A UK Independence Party councillor has claimed that Britain’s recent harsh weather – which saw storms and flooding across the country – are “divine retribution for the government’s decision to legalise gay marriage.”
The claims were made by David Silvester, a former Tory politician who abandoned the Conservative party to join the more extreme Ukip party, following his protest against David Cameron’s support for gay marriage.
Silvester wrote a letter to the Henley Standard, saying: "The scriptures make it abundantly clear that a Christian nation that abandons its faith and acts contrary to the Gospel (and in naked breach of a coronation oath) will be beset by natural disasters such as storms, disease, pestilence and war.
"I wrote to David Cameron in April 2012 to warn him that disasters would accompany the passage of his same-sex marriage bill.
"But he went ahead despite a 600,000-signature petition by concerned Christians and more than half of his own parliamentary party saying that he should not do so."
"It is his fault that large swaths of the nation have been afflicted by storms and floods.
"He has arrogantly acted against the Gospel that once made Britain 'great' and the lesson surely to be learned is that no man or men, however powerful, can mess with Almighty God with impunity and get away with it for everything a nation does is weighed on the scaled of divine approval or disapproval."
Ukip has distanced itself from the remarks, saying the views expressed by Silvester were “not the party’s beliefs”. The party did not, however, take any stance on the beliefs, with a spokesperson saying: "If the media are expecting Ukip to either condemn or condone someone's personal religious views they will get absolutely no response.

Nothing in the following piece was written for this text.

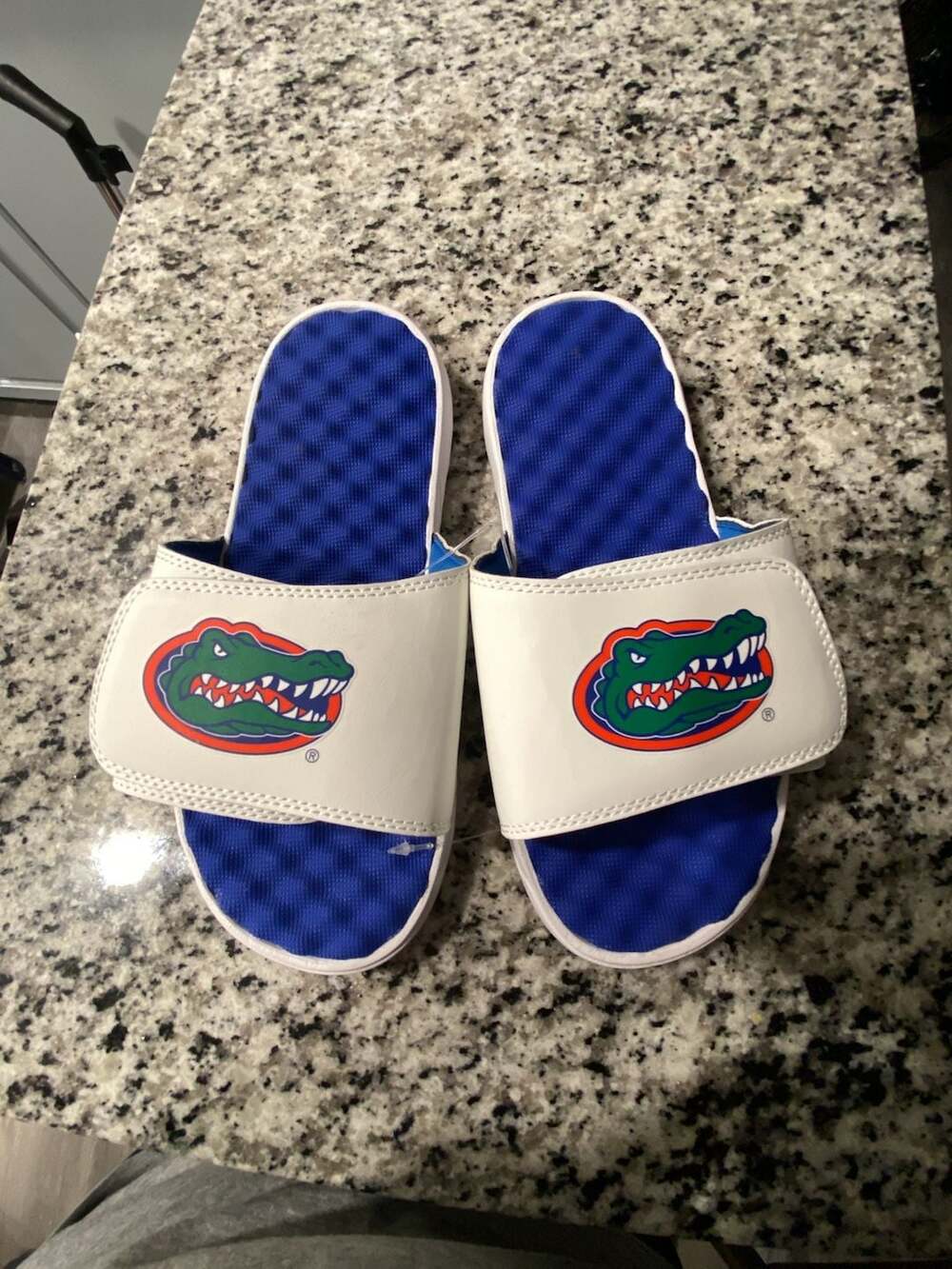 ISlide University of Florida Gators Primary Logo Slide Sandals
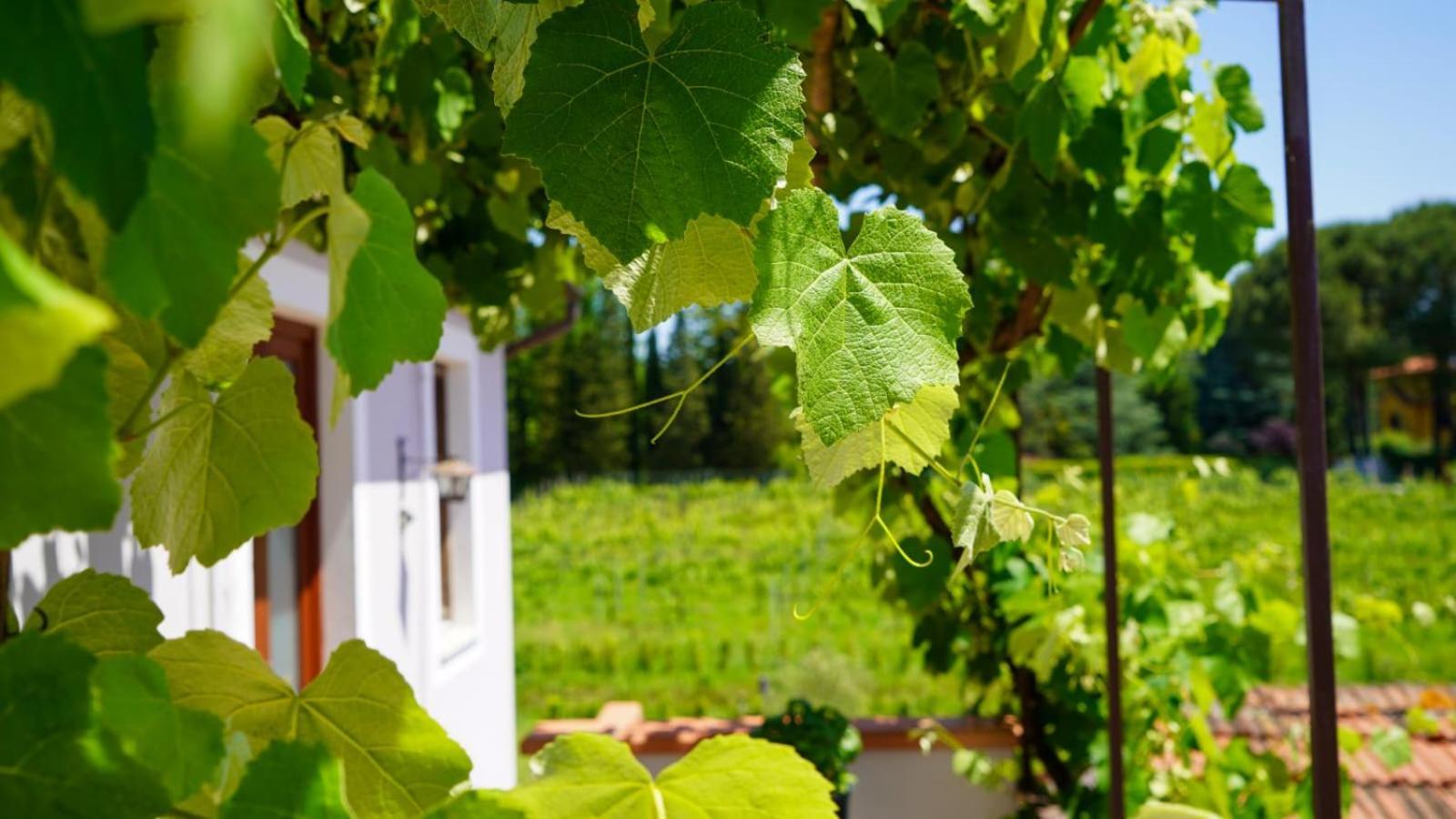 Wine House Bed & Breakfast คาปานโนริ ภายนอก รูปภาพ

"Whether Jain or Sikh or Buddhist or Sufi or Zoroastrian or Jewish or Muslim or Baptist or Hindu or Catholic or Baha'i or Animist or any other mainstream or minor religion or movement, we are taught as a tolerant society to accept a diversity of ideologies.
"Freedom to individual thought and expression is a central tenet of any open-minded and democratic country. It is quite evident that this is not the party's belief but the councillor's own and he is more than entitled to express independent thought despite whether or not other people may deem it standard or correct.
"That is what makes the United Kingdom such a wonderful, proud, diverse and free country."